• Hardware Platform : Jetson Nano • DeepStream Version : 5.1 • JetPack Version : 4.5 • TensorRT Version : 7.1.3.0
Currently, I am working on deepstream python apps. I want to Interface the image with the deepstream python code.
While reading through Nvidia Forums and Blogs I found I can use " /opt/nvidia/deepstream/deepstream-5.0/sources/apps/sample_apps/deepstream-image-decode-test" this for images in deepstream. But I want to run it using python. So Is there any proper documentation or any other solutions are there, so I can look into it.
I also want to do inference with image in Deepstream with python. Can you provide me pipeline for image inference with saving image in the end? I can’t find any example with saving image.
I prepared pipeline based on deepstream-image-decode-test and it looks like this: filesrc -> jpegparse -> nvv412decoder -> nvstreammux -> pgie -> nvvideoconvert -> jpegenc -> filesink but it stucks and doesn’t return any error.
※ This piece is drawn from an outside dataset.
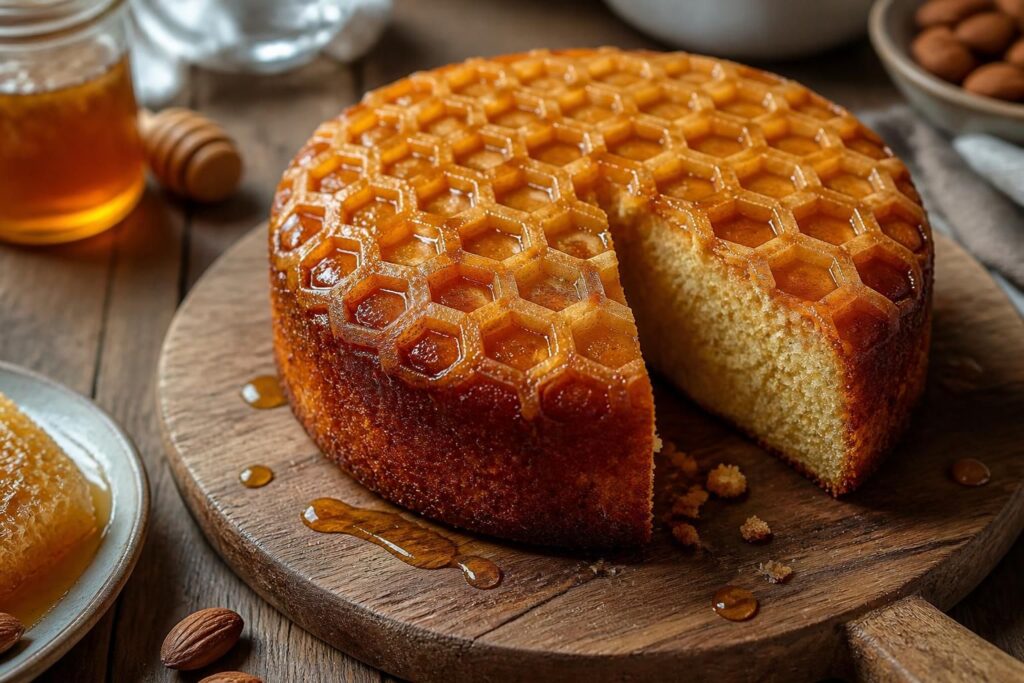 Gâteau nid d'abeille maison coupé en deux, garni de crème vanille, avec un topping doré aux amandes effilées caramélisées au miel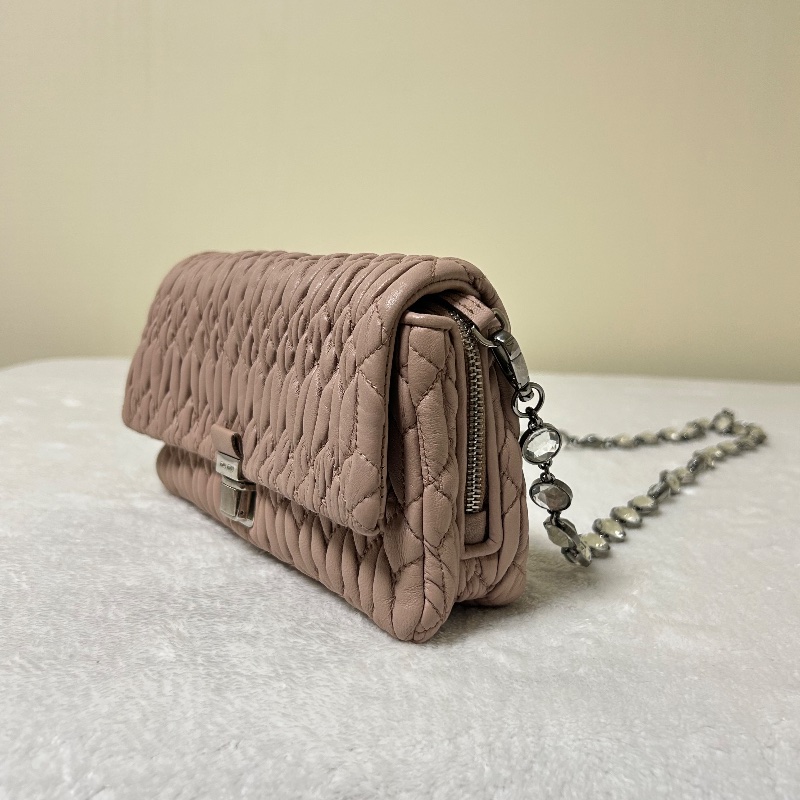 MIU MIU Crystal 皺摺皮革水晶鏈帶 肩背包-7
This is all output:
Unknown or legacy key specified 'is-classifier' for group [property]
WARNING: ../nvdsinfer/nvdsinfer_func_utils.cpp:36 [TRT]: Using an engine plan file across different models of devices is not recommended and is likely to affect performance or even cause errors.
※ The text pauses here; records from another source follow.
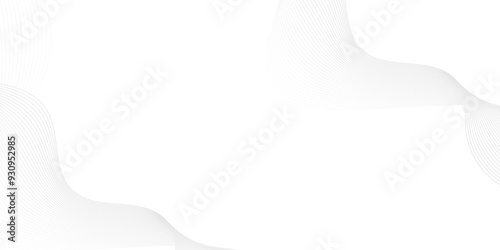 Abstract white blend digital wave lines and technology transparent background. Minimal carve wavy white and gray flowing wave lines and glowing moving lines. Futuristic sound wave lines background.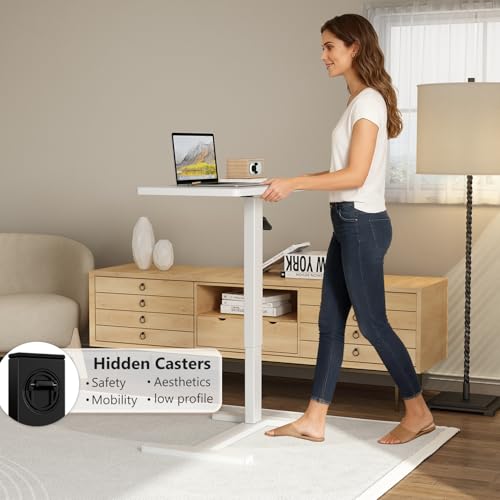 Overbed Bedside Table with Wheels Hospital Bedside Desk,White | Adjustable Hospital & Home Use Bed Table Rolling Laptop Table Mobile Standing Desk Rolling Computer Cart Over Bed Tray Table - color: White1, size: 27.6 inches
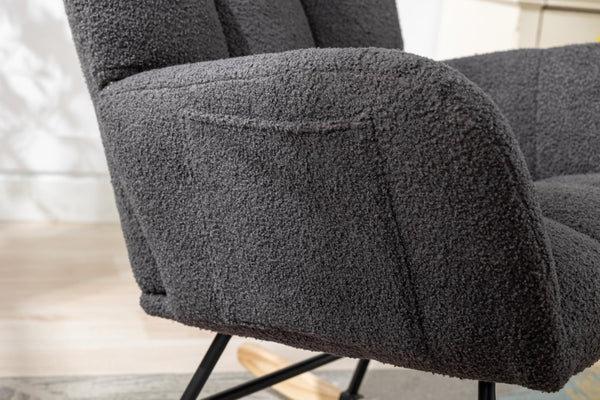 English Elm Teddy Fleece Wingback Glider Rocker Ergonomic Nursing Chair with Storage Pocket Grey W3723P494837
0:00:12.689411459 426 0x3af1c70 INFO nvinfer gstnvinfer.cpp:619:gst_nvinfer_logger:<primary-inference> NvDsInferContext[UID 1]: Info from NvDsInferContextImpl::deserializeEngineAndBackend() <nvdsinfer_context_impl.cpp:1702> [UID = 1]: deserialized trt engine from :/opt/nvidia/deepstream/deepstream-5.1/sources/objectDetector_Yolo/yolov4_face_new.engine
INFO: ../nvdsinfer/nvdsinfer_model_builder.cpp:685 [Implicit Engine Info]: layers num: 3
0 INPUT kFLOAT input 3x608x608
1 OUTPUT kFLOAT boxes 22743x1x4
2 OUTPUT kFLOAT confs 22743x1
0:00:12.689488763 426 0x3af1c70 INFO nvinfer gstnvinfer.cpp:619:gst_nvinfer_logger:<primary-inference> NvDsInferContext[UID 1]: Info from NvDsInferContextImpl::generateBackendContext() <nvdsinfer_context_impl.cpp:1806> [UID = 1]: Use deserialized engine model: /opt/nvidia/deepstream/deepstream-5.1/sources/objectDetector_Yolo/yolov4_face_new.engine
0:00:12.747416626 426 0x3af1c70 INFO nvinfer gstnvinfer_impl.cpp:313:notifyLoadModelStatus:<primary-inference> [UID 1]: Load new model:config_infer_primary_yoloV4_face.txt sucessfully
This is my script yolo_image.py (5.7 KB)
Can you tell me where I do a mistake? I use Deepstream 5.1 and T4 card.
Thanks for your reply. I have almost working solution but I have weird bug now. In my pipeline I modify frame after inference in videotemplate plugin. When I run pipeline with image with resolution 1280x720 and size 107kB everything works fine but when I run it with image with resolution 1280x720 and size 0,97 MB I get error: (python3:453): GStreamer-CRITICAL **: 08:06:27.709: gst_buffer_resize_range: assertion 'bufmax >= bufoffs + offset + size' failed and I found out that it happen with that function: cv::Mat in_mat = cv::Mat (in_surf->surfaceList[frame_meta->batch_id].planeParams.height[0], in_surf->surfaceList[frame_meta->batch_id].planeParams.width[0], CV_8UC4, in_surf->surfaceList[frame_meta->batch_id].mappedAddr.addr[0], in_surf->surfaceList[frame_meta->batch_id].planeParams.pitch[0]);. Any idea how to fix this issue?
Hi, I partly solved this issue. I was getting this issue when I resized image from resolution 4032x2268 to 1280x720 but when I resized this image to 1920x1080 the issue was gone. So I have no idea why it happens but with bigger resolution it works for now.